Claire Brotherton says
.htaccess changes took care of some of it. I think I need filters to do the rest. I’m a bit wary of implementing those at the moment in case I mess something up in my stats!
Carlo says
Thanks for this article Claire. I started to notice this when I created a new GA property and it reported that it was receiving traffic before I even installed the code onto the site! I wondered whether I’d done something wrong but it must have been the ghost referrer type.

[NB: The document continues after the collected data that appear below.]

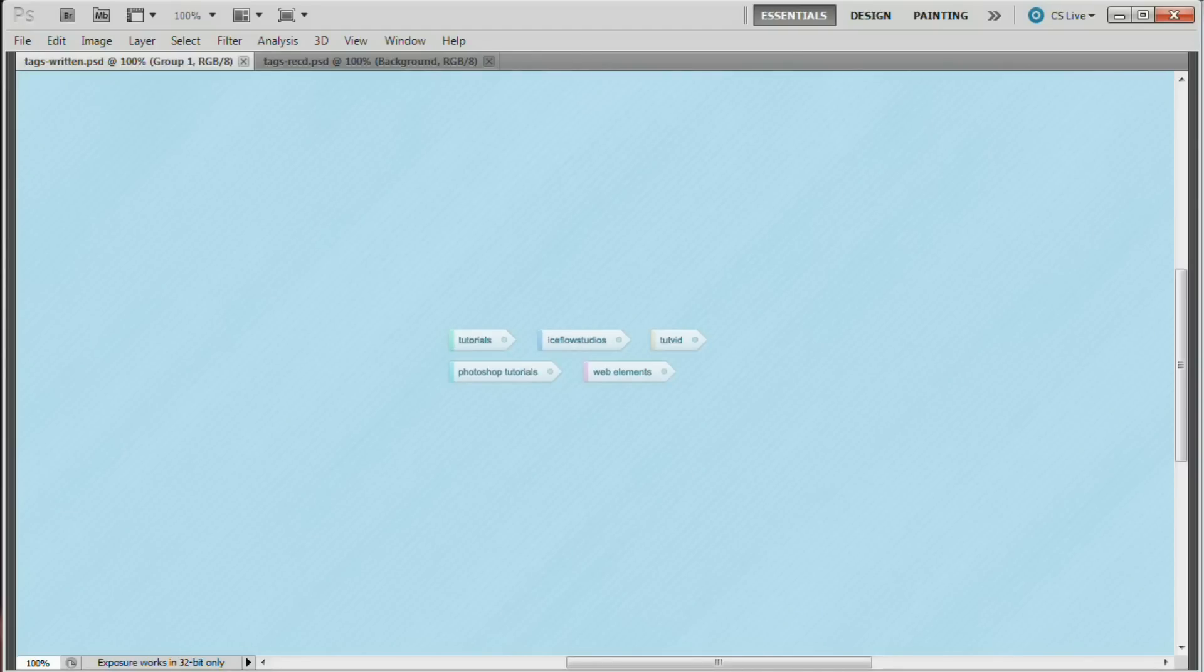Today we're going to take a look at creating these cool little tags. They're all over the web and they look awesome. So what's not to like about them? Let's go ahead and create these.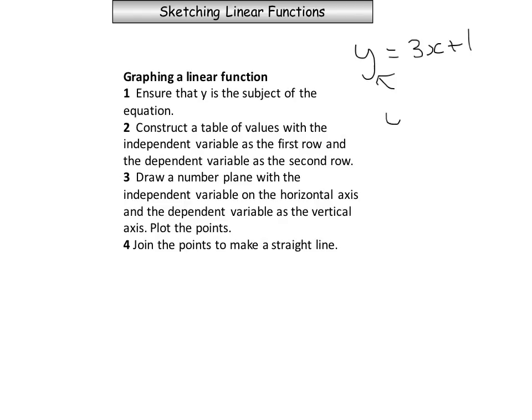If we had an equation like y minus x equals 1, then y is not the subject of the equation. But that can easily be fixed — all we need to do is solve the equation for y by adding x to both sides, giving us y equals x plus 1.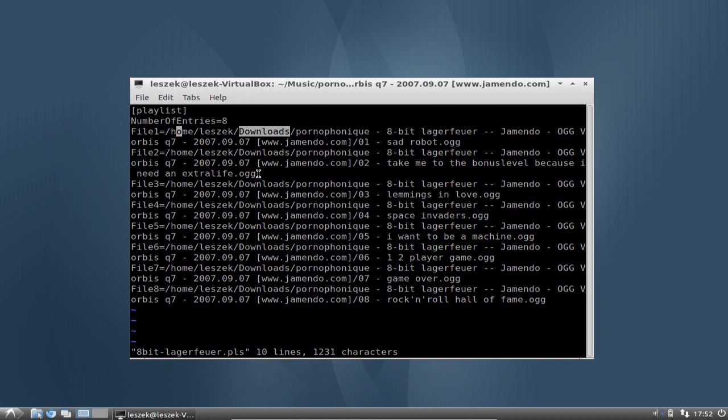Some people have this problem — they moved their files and then their playlist does not work anymore. This is basically because the path is not correct anymore, just like here.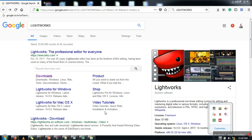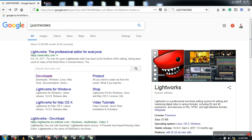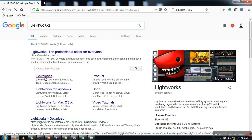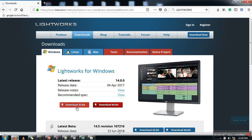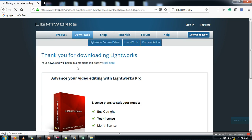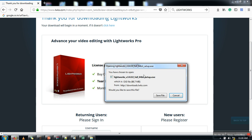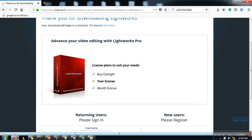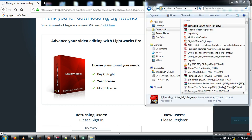In this video I'm going to show you how to install Lightworks on Windows. First of all we need to download it, so just Google Lightworks and go to Downloads. Here you will find two options: one for 32-bit and another for 64-bit, so download according to your machine. In my case I'm having 64-bit Windows, so it will download this setup file. I have already downloaded it, so once the downloading is done just open the downloaded file.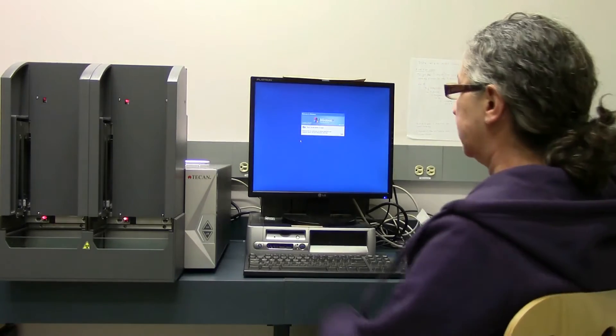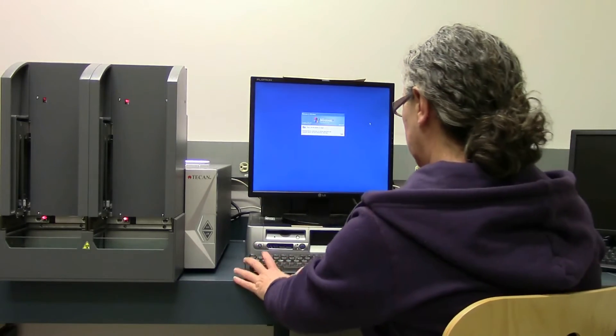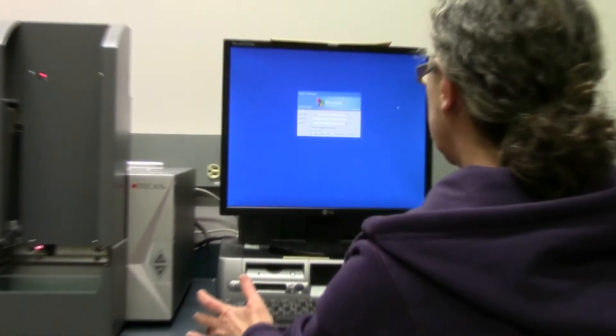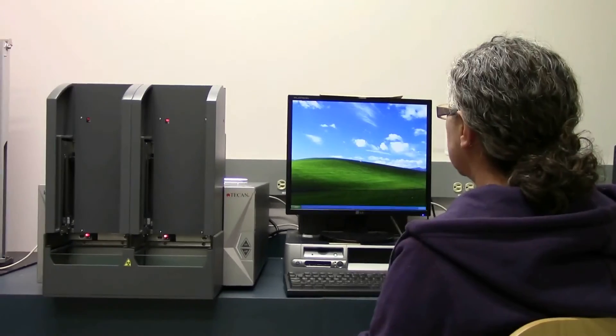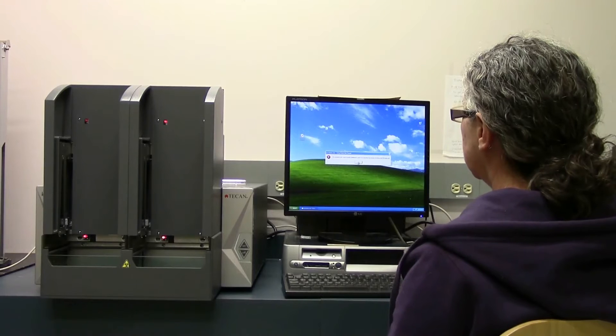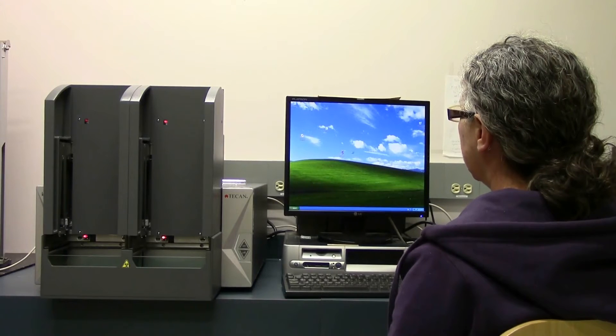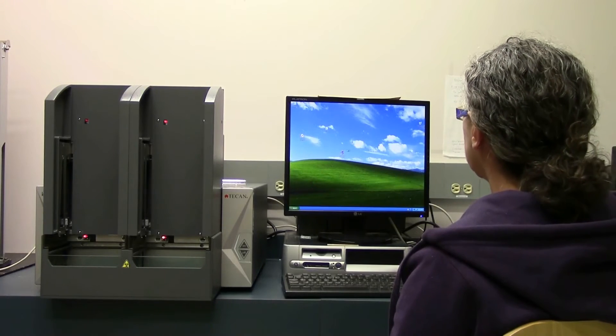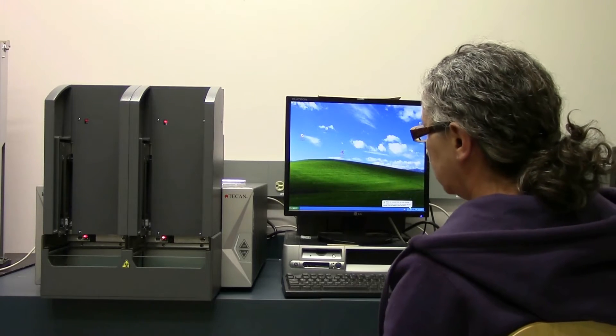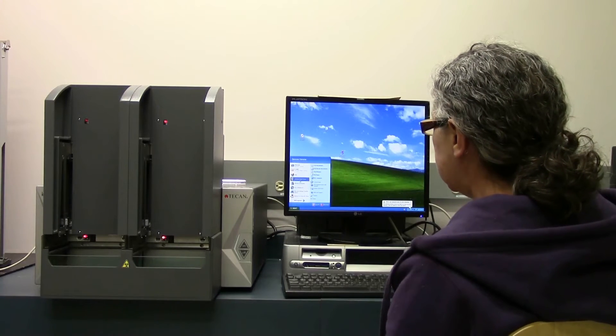And then to access the software, you log in with your Mac ID. The first thing you need to do is get this iControl icon onto your desktop. To do that, you go to the start button.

I tend to think it’s not worth attempting to block the domains, because the spammers will just create new ones and it will be impossible to keep up.
Claire Brotherton says
Thanks for the comment, Carlo.
Yes, I fear you may be right about new domains popping up. Looks like it’s going to be a long-running battle, like the fight against other forms of spam.
Mike Gardner says
This is a n awesome post Claire, fill of top notch info and advice, most bloggers I know are unaware of referral spam and what to do about it
Claire Brotherton says
Thanks Mike – I’m still learning myself! The links I posted go into far more detail than I could. 🙂
Ed Akehurst says
Wow! Fantastic post. This type of info is super important for bloggers (and other web masters).
Thanks for such a clear write up on it, especially the resources.and the list on GitHub.
The more we do online, the more important ti is to track everything, especially visitor data.
Claire Brotherton says
Thanks Ed!
I just wish the spammers could drive traffic to their sites by producing great content, instead of these underhand tactics. I guess they’re lazy and would rather follow the dark side, though. 😉
Dia Bassett says
Great tips. I’ll be on the look out for this kind of spam. Thank you.
Claire Brotherton says
Thanks for commenting, Dia.
Jacqui Malpass says
Great post. I am sick and tired of ‘people’ doing rubbish things like this. All I want is to run my business without having to be a webmaster as well.
I shall go and check my stats out and see what I can do based on your advice.
Claire Brotherton says
Thanks Jacqui. Yes, another website thing to be vigilant about!!
Wendy Tomlinson says
This is great information. I had 2 spikes on two separate blogs (both on same day) this month and yes initially I was excited by the increase, but when I couldn’t see where they were coming from on my normal stats page I got a little suspicious. I’m going to follow your information here to check further. Thanks.
Claire Brotherton says
Thanks Wendy. I still haven’t filtered my own traffic. Some of the info is contradictory! I wish it was straightforward.
saniya says
thank you for sharing this information
Andy Globe says
Thank you for providing such helpful information, keep up the good work.